Many attorneys general are struggling to convince Washington of the importance of limiting federal power. While there is a long history of both Democrats and Republicans expanding the federal government and its power, I hold out hope that Republicans have learned from their many errors from 2001 to 2007, when they held majorities in the House and Senate under President George W. Bush. This particular legislation suggests, however, that there is still much for them to learn.
Like most of my fellow Virginians and, I presume, most Americans, I am concerned that our legal system encourages more lawsuits than are appropriate. I understand that this imposes costs across our society, including higher medical costs. And like my fellow Virginians, I want federal and state laws changed to allow the free markets to put downward pressure on health-care costs, rather than allowing the upward pressure that comes with excessive lawsuits.
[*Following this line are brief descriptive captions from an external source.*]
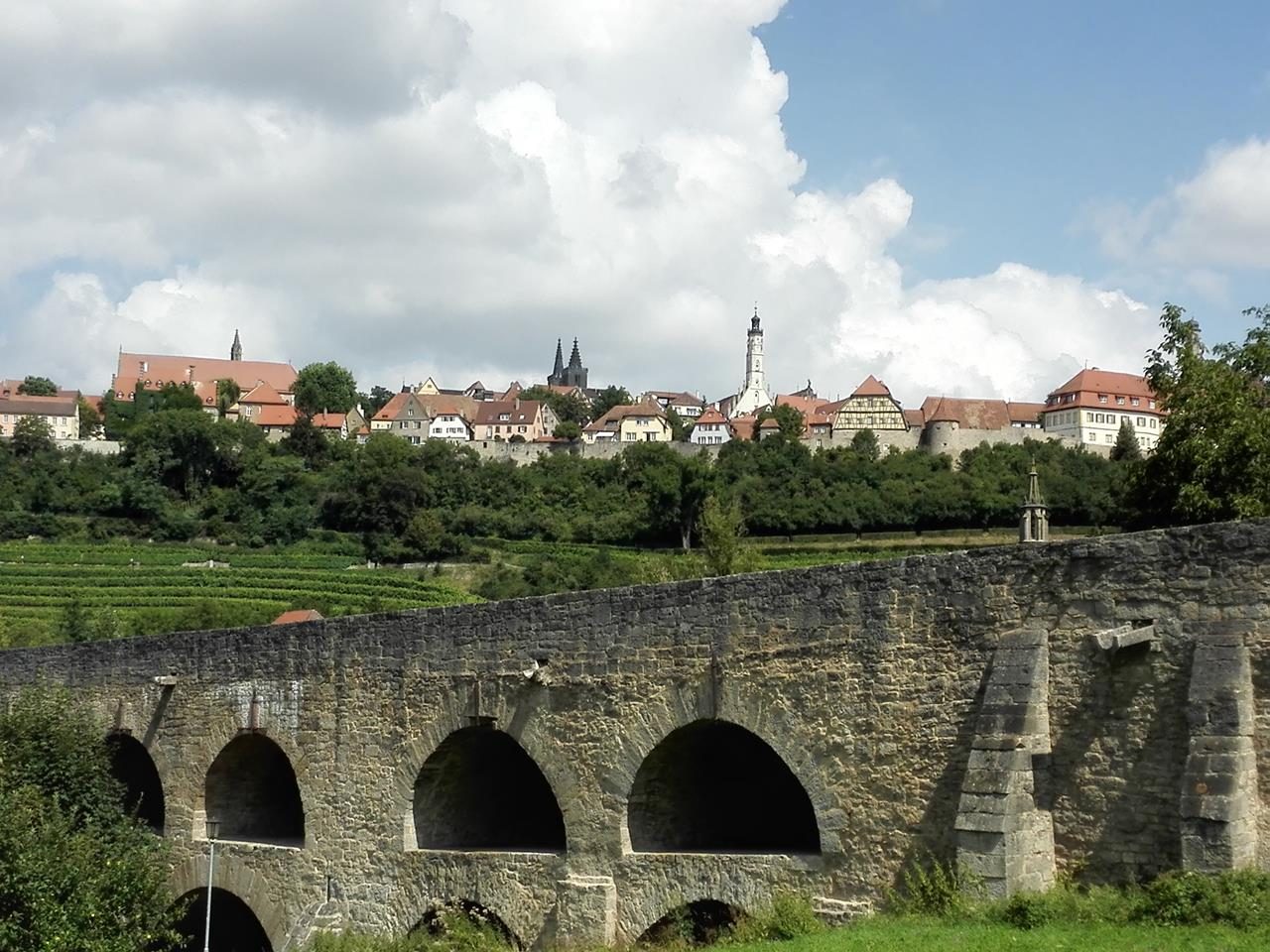 Blick von der alten Tauberbrücke hinauf nach Rothenburg ob der Tauber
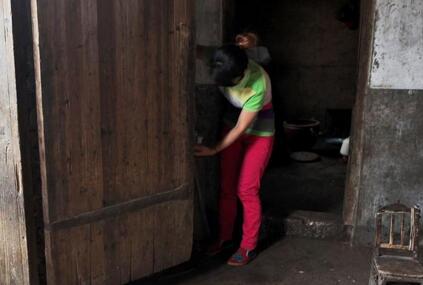 梦见父亲上吊死了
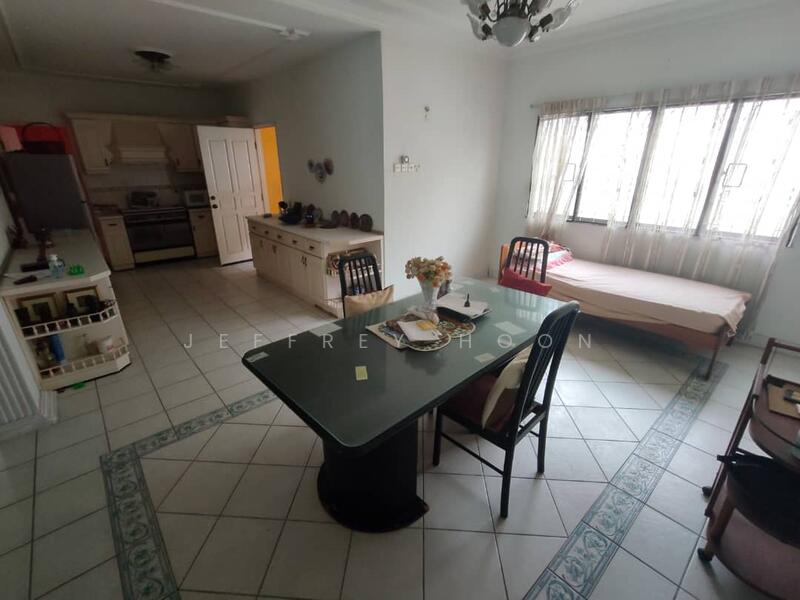 For Rent - PJ Bungalow, Petaling Jaya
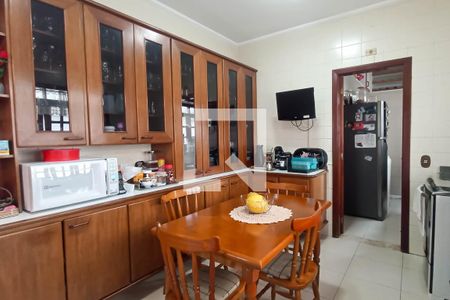 Casa de condomínio para alugar com 400m², 4 quartos e 4 vagasCozinha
The five senators in question obviously support tort reform, and they are willing to smother states to impose their policy preference. It is frustrating how “broadly” some senators interpret the powers of the federal government when they are pursuing a favored policy, and how “limited” those same powers are seen to be when it is the other guy’s proposal violating the Constitution.
Senate Bill 197 takes an approach that implies “Washington knows best” while trampling states’ authority and the 10th Amendment. The legislation is breathtakingly broad in its assumptions about federal power, particularly the same power to regulate commerce that lies at the heart of all the lawsuits (including Virginia’s) against the individual mandate of the 2010 federal health-care law. I have little doubt that the senators who brought us S. 197 oppose the use of the commerce clause to compel individuals to buy health insurance. Yet they have no qualms about dictating to state court judges how they are to conduct trials in state lawsuits. How does this sort of constitutional disconnect happen?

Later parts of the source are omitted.